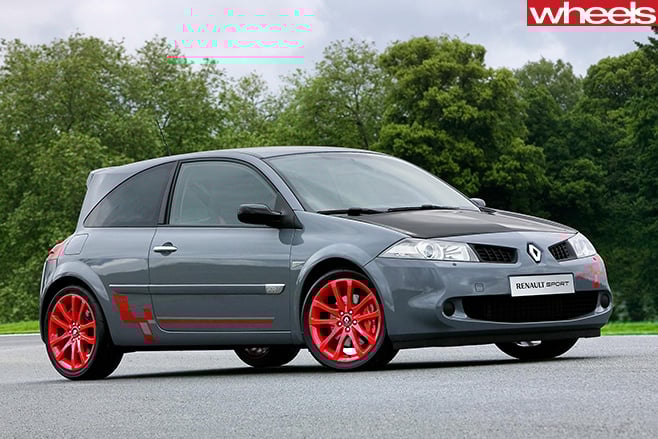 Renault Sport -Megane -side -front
* * *
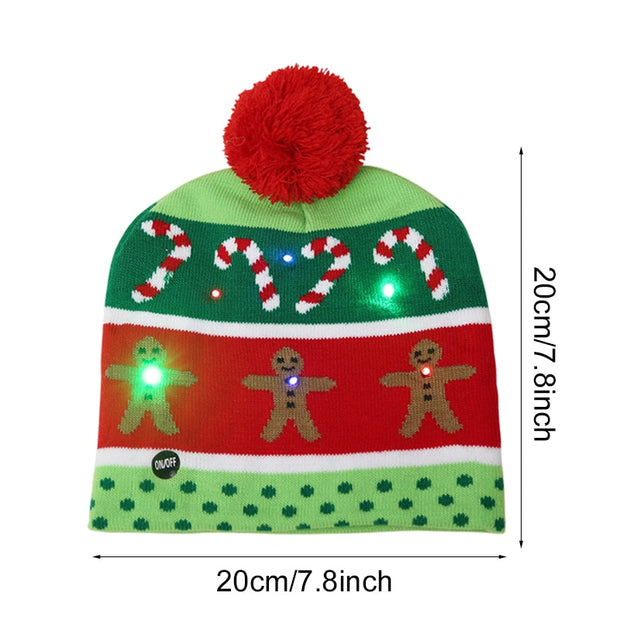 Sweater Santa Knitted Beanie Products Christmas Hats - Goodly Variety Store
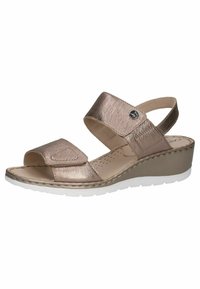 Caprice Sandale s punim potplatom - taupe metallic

Task brief – From the listing above, restate verbatim the lines running from the one with "Sweater Santa Knitted" through the one with "Caprice Sandale s", inclusive, but not the pictures.

Result below –
 Sweater Santa Knitted Beanie Products Christmas Hats - Goodly Variety Store
 Caprice Sandale s punim potplatom - taupe metallic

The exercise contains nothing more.